NEWS OF ANOTHER round of staff cuts among the various Entergy Corp. operations was widely talked about internally during the fall. However, supervisors didn't hand out 30-day notices to individual employees until Jan. 8 and Jan. 11.

In all, about 400 primarily white-collar jobs were eliminated from Arkansas Power & Light Co., Louisiana Power & Light Co., Mississippi Power & Light Co. and New Orleans Public Service Inc., as well as Entergy offices in the three-state area.

Receiving the corporate pink slip was a mere formality for AP&L's public relations manager in Little Rock. Markham Howe, a 31-year employee of the company, knew his number was up before Thanksgiving.

Many offices knew how many employees were going to be lost in a given area of operations. The general mood of apprehension was shattered when names were put with the numbers.

Some reacted with utter shock and anger when confronted with the reality of no longer having a job, while others swallowed the turn of events with quiet acceptance.
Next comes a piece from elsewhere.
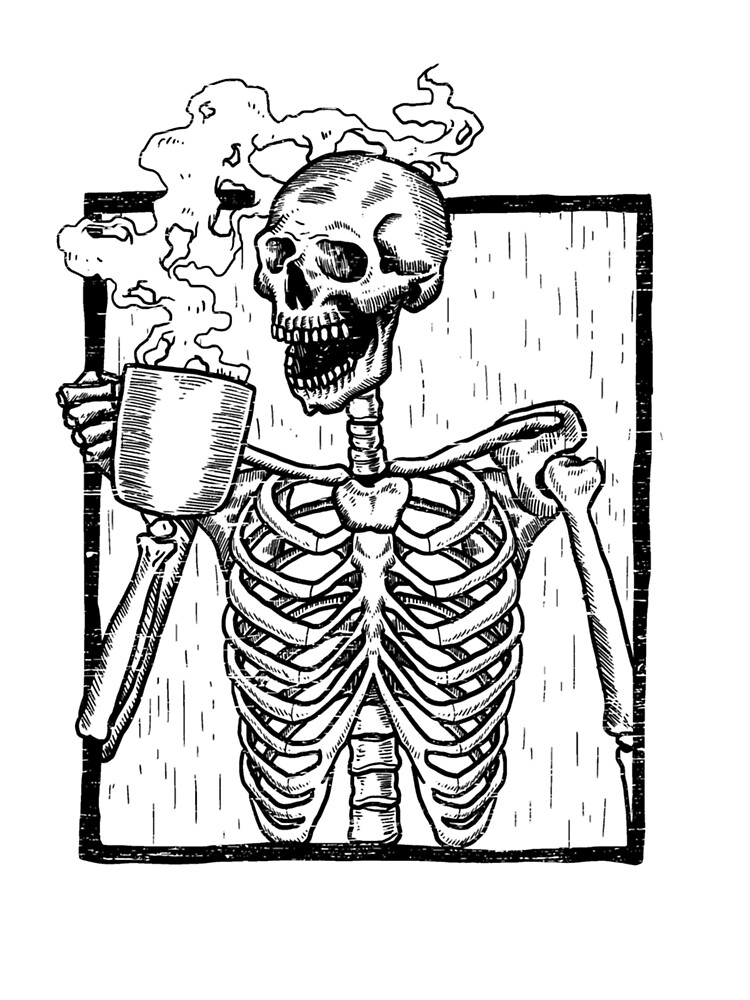 Distressed Skeleton Vintage Picture Smiling Skull Coffee Sweatshirt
The atmosphere was charged with strong emotions that alternately erupted and were buried by survivors and casualties alike in an effort to cope with personal loss and the loss of comrades.

"There's a lot of sadness for those who are leaving," Howe says. "We're in the process of implementing a new organization, and that's exciting for some people."

Nearly one out of 12 Entergy employees who worked for the company two years ago have left or were forced to leave under a variety of circumstances.

About half have either taken voluntary early retirement or left Entergy through normal attrition, which ranges between 40-50 employees per month.

The other cuts were outright dismissals or involuntary early retirements.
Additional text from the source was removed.